Recall that we run into trouble using the twoway fixed-effects model in a DD framework insofar as there are heterogeneous treatment effects over time. But the problem here only occurs with those $$2\times 2$$s that use late-treated units compared to early-treated units. If there are few such cases, then the issue is much less problematic depending on the magnitudes of the weights and the size of the DD coefficients themselves. What we are now going to do is simply evaluate the frequency with which this issue occurs using the Bacon decomposition. Recall that the Bacon decomposition decomposes the twoway fixed effects estimator of the DD parameter into weighted averages of individual $$2\times 2$$s across the four types of $$2\times 2$$s possible. The Bacon decomposition uses a binary treatment variable, so we will reestimate the effect of castle-doctrine statutes on logged homicide rates by coding a state as “treated” if any portion of the year it had a castle-doctrine amendment. We will work with the special case of no covariates for simplicity, though note that the decomposition works with the inclusion of covariates as well . Stata users will need to download -ddtiming- from Thomas Goldring’s website, which I’ve included in the first line.
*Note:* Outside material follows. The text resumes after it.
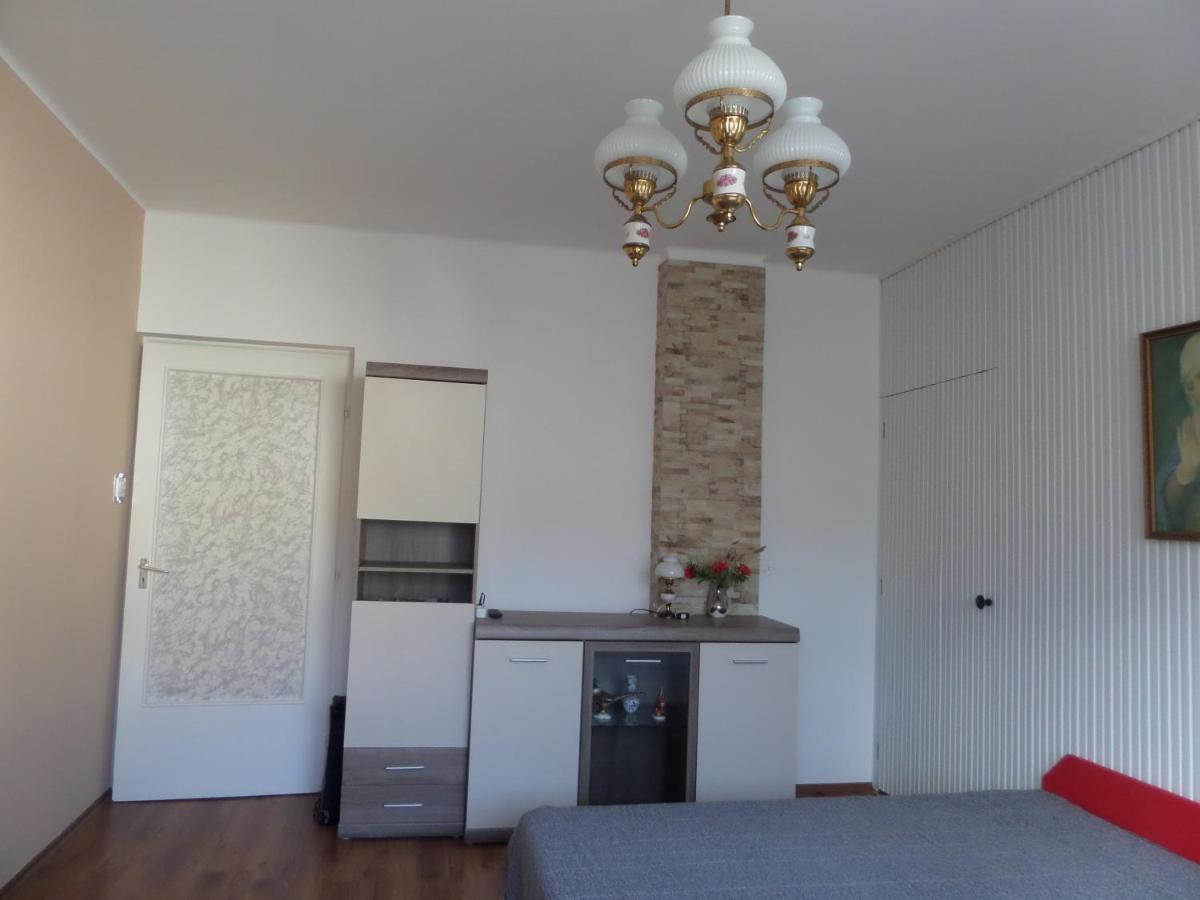 Bori Apartmanok Hajdúszoboszló Exteriör bild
First, let’s estimate the actual model itself using a post dummy equaling one if the state was covered by a castle-doctrine statute that year. Here we find a smaller effect than many of Cheng and Hoekstra’s estimates because we do not include their state-year interaction fixed effects strategy among other things. But this is just for illustrative purposes, so let’s move to the Bacon decomposition itself. We can decompose the parameter estimate into the three different types of $$2\times 2$$s, which I’ve reproduced in Table 9.8

Dependent Variable Log(homicide rate)
Castle-doctrine law 0.069
(0.034)
Table 9.8: Bacon Decomposition Example.
DD Comparison
Earlier T vs. Later C 0.077 $$-0.029$$
Later T vs. Earlier C 0.024 0.046
T vs. Never treated 0.899 0.078

Taking these weights, let’s just double check that they do indeed add up to the regression estimate we just obtained using our twoway fixed-effects estimator.156 \begin{align} di (0.077 * -0.029) + (0.024 * 0.046) + (0.899 * 0.078) = 0.069 \end{align}

That is our main estimate, and thus confirms what we’ve been building on, which is that the DD parameter estimate from a twoway fixed-effects estimator is simply a weighted average over the different types of $$2\times 2$$s in any differential design. Furthermore, we can see in the Bacon decomposition that most of the 0.069 parameter estimate is coming from comparing the treatment states to a group of never-treated states. The average DD estimate for that group is 0.078 with a weight of 0.899. So even though there is a later to early $$2\times 2$$ in the mix, as there always will be with any differential timing, it is small in terms of influence and ultimately pulls down the estimate.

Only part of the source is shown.